### GOAL OF THE EXERCISE
Every line of the material below that contains the string "modern" must appear in the answer.

### TASK INPUTS
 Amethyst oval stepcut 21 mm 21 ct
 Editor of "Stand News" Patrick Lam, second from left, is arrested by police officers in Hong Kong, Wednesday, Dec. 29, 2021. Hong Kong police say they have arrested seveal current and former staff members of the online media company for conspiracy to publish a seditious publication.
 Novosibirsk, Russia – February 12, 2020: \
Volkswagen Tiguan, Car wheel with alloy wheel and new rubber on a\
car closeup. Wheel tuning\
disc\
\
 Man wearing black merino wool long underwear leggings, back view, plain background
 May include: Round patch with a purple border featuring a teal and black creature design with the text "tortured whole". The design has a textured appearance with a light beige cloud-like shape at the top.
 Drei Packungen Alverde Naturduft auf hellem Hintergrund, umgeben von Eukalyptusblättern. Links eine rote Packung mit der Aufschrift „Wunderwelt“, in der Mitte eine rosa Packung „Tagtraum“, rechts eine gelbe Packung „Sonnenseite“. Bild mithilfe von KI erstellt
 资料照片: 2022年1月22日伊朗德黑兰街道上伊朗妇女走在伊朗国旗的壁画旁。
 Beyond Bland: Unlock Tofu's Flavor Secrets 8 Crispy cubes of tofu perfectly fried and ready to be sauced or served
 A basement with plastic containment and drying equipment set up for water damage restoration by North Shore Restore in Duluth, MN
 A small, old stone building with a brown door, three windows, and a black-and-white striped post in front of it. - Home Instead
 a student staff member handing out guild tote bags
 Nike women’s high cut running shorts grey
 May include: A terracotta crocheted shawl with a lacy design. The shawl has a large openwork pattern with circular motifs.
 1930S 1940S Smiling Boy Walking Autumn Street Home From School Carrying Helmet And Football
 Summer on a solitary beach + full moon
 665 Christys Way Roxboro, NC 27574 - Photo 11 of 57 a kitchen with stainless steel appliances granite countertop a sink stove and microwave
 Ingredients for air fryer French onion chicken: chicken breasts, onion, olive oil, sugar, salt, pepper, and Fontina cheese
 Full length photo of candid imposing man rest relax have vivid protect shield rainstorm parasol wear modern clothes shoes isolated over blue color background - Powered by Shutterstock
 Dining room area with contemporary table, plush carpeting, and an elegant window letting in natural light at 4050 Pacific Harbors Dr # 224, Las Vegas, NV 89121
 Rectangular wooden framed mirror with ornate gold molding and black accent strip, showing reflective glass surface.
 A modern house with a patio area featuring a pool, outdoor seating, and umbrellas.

### WRITTEN ANSWER
 Full length photo of candid imposing man rest relax have vivid protect shield rainstorm parasol wear modern clothes shoes isolated over blue color background - Powered by Shutterstock
 A modern house with a patio area featuring a pool, outdoor seating, and umbrellas.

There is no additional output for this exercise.